While Delhi-based poet, Sabika Abbas Naqvi performed a piece on breaking away from the shackles of Brahminical patriarchy, stand-up comic Vipasha Malhotra strummed her ukelele to a song about the objectification of women, satirically titled Feminism Should Die.
Later that day, a group of actors portrayed the reductive, patriarchal ways in which nationalism uses ‘Bharat Mata’ – an actor dressed as Bharat Mata walked onto the stage only to be decorated and slapped multiple times by the other male actors, as a haunting patriotic score played in the background. With tears of hurt and anger in her eyes, she descended the stage and stared into the eyes of the spectators, and after a long pause, left the place.
Songs about peace
The day ended with a series of musical performances by artists including Harshpreet, Dhruv Sangri, Rabbi Shergill and many others who not only sang self-composed songs about defeating hate with love but also re-created compositions by Urdu poets like Faiz Ahmed Faiz and Paash. The following evening’s performers included Sonal Kalra and Shubha Mudgal.

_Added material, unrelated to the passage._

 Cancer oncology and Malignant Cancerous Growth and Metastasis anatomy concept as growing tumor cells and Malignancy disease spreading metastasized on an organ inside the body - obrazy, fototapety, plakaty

Alongside, the event also had dastangoi (traditional form of oral storytelling) performances. Early in the morning, India’s first female dastango Fouzia Dastango and Firoz Khan recited dastaan-e-Gandhi, describing the life and work of Mahatma Gandhi. While doing so, they also stressed the importance of non-violence in today’s time.
The day concluded with everyone dancing to the tunes of reggae artists Begum X and Delhi Sultanate, almost deafening the noise of all the war-mongering online.